**Task details:** Please copy exactly the lines that run from the start of the entries to the line containing "Pack CANNES + espejo LED + lavabo", inclusive.
START Data records
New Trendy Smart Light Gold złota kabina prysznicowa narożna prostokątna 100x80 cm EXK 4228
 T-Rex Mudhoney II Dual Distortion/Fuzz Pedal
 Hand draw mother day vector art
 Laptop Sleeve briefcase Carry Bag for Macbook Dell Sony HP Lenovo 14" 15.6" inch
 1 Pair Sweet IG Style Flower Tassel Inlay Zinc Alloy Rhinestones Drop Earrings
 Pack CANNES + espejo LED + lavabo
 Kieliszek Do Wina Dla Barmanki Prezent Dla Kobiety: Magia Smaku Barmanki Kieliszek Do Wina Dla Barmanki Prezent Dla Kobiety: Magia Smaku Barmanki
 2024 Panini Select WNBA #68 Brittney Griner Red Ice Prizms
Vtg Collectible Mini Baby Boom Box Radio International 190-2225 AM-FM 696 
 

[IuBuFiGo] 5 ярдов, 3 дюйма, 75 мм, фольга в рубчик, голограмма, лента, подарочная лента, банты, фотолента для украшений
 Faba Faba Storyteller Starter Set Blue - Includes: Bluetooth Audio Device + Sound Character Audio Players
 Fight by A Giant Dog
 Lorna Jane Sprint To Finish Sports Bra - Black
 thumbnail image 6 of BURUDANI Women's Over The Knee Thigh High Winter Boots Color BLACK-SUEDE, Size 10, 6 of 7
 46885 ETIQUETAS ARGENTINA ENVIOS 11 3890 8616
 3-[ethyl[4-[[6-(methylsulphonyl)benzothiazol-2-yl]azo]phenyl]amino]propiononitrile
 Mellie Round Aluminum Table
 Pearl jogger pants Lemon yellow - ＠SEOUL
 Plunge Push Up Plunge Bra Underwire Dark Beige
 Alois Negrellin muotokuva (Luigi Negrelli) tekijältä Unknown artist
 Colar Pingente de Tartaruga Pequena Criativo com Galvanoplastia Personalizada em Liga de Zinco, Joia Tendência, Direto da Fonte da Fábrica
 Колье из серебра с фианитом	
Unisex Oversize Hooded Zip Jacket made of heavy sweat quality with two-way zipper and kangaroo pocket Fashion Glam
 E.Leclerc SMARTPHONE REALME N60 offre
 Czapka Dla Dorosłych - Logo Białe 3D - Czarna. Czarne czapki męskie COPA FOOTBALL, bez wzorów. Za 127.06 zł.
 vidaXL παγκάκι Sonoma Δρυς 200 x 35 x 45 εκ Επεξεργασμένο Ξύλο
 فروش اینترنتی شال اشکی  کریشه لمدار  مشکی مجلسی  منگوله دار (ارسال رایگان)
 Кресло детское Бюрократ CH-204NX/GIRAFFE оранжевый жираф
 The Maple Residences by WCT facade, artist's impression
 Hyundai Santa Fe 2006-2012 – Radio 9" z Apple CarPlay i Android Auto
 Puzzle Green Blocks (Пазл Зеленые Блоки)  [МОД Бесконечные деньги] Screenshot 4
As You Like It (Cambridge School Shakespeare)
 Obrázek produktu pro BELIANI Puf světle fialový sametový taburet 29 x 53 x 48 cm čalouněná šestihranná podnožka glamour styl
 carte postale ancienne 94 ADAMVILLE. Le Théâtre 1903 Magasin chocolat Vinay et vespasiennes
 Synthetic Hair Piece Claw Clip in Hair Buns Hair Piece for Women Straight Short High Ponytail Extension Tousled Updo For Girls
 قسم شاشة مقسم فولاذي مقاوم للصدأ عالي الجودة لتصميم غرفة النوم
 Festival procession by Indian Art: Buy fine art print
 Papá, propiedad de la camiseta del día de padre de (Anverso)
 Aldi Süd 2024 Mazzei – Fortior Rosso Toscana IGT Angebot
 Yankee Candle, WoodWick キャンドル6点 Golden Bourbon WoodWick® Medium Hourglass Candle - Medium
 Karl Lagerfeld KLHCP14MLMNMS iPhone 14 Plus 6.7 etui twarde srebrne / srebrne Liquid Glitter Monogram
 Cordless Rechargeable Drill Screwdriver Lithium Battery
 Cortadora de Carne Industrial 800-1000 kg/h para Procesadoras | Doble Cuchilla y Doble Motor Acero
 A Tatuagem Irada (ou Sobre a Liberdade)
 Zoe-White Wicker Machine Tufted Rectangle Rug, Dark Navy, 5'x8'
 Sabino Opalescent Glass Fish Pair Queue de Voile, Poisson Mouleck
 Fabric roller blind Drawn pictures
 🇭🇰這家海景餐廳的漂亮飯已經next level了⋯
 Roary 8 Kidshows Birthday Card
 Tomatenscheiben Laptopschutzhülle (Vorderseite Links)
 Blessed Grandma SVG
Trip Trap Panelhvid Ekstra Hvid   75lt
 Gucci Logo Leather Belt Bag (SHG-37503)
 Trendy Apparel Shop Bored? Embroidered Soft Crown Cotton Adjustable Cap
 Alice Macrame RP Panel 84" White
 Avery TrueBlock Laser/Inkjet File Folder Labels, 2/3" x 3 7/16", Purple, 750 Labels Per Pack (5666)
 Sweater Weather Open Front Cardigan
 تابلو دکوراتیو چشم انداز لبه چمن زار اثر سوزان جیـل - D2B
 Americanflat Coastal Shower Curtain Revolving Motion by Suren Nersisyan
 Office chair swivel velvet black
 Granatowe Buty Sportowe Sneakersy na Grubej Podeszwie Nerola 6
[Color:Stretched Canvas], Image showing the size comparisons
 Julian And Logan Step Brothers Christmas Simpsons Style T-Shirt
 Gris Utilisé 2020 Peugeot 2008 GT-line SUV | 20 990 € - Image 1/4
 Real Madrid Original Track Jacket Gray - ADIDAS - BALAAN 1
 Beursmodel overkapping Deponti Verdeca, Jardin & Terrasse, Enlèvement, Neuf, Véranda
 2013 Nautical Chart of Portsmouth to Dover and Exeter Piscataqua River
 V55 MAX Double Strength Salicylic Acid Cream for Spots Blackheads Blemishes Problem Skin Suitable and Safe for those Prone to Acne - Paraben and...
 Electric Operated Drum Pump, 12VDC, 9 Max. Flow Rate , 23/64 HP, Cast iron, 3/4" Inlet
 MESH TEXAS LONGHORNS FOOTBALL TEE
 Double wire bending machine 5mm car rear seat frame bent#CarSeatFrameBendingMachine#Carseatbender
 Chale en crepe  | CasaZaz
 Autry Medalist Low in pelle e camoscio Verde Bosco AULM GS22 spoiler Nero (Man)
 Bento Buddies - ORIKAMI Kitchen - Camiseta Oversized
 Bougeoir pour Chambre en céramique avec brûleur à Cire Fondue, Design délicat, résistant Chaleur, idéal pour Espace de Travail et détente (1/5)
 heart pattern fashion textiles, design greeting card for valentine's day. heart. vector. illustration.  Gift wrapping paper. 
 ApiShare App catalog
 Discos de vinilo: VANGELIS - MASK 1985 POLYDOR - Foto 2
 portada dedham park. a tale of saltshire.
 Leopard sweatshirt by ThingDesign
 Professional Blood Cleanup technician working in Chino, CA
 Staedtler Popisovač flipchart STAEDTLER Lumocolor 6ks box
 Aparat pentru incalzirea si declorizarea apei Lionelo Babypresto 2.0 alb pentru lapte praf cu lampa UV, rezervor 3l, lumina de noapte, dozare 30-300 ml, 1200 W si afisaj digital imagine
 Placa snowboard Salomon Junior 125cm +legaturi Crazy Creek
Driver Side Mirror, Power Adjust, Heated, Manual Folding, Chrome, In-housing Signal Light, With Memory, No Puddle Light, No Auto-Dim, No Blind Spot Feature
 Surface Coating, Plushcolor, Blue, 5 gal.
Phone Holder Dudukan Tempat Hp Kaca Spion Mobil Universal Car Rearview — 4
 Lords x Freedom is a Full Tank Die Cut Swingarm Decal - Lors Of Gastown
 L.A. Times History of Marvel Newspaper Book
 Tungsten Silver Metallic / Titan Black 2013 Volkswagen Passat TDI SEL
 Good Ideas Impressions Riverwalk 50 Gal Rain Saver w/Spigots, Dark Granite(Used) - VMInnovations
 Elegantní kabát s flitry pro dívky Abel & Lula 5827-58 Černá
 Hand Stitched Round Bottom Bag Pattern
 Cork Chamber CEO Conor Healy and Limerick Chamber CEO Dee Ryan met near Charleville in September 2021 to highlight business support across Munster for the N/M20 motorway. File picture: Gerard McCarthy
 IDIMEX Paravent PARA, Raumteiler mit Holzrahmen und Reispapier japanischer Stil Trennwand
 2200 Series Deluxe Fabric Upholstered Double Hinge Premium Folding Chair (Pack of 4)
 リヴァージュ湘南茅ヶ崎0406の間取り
END Data records
**Response:**
New Trendy Smart Light Gold złota kabina prysznicowa narożna prostokątna 100x80 cm EXK 4228
 T-Rex Mudhoney II Dual Distortion/Fuzz Pedal
 Hand draw mother day vector art
 Laptop Sleeve briefcase Carry Bag for Macbook Dell Sony HP Lenovo 14" 15.6" inch
 1 Pair Sweet IG Style Flower Tassel Inlay Zinc Alloy Rhinestones Drop Earrings
 Pack CANNES + espejo LED + lavabo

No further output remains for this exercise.